Extracted data entries
####################
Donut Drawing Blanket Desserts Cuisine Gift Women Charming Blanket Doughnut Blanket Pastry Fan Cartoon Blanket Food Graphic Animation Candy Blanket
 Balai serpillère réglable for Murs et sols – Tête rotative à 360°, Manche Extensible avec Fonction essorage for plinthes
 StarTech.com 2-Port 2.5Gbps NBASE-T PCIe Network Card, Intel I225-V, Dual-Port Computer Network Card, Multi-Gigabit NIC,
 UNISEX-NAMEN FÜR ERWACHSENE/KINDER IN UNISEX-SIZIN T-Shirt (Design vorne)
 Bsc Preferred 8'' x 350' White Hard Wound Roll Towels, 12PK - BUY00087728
####################
## Exercise goal
Every entry above should be retyped exactly as it appears.

## Problem solution
Donut Drawing Blanket Desserts Cuisine Gift Women Charming Blanket Doughnut Blanket Pastry Fan Cartoon Blanket Food Graphic Animation Candy Blanket
 Balai serpillère réglable for Murs et sols – Tête rotative à 360°, Manche Extensible avec Fonction essorage for plinthes
 StarTech.com 2-Port 2.5Gbps NBASE-T PCIe Network Card, Intel I225-V, Dual-Port Computer Network Card, Multi-Gigabit NIC,
 UNISEX-NAMEN FÜR ERWACHSENE/KINDER IN UNISEX-SIZIN T-Shirt (Design vorne)
 Bsc Preferred 8'' x 350' White Hard Wound Roll Towels, 12PK - BUY00087728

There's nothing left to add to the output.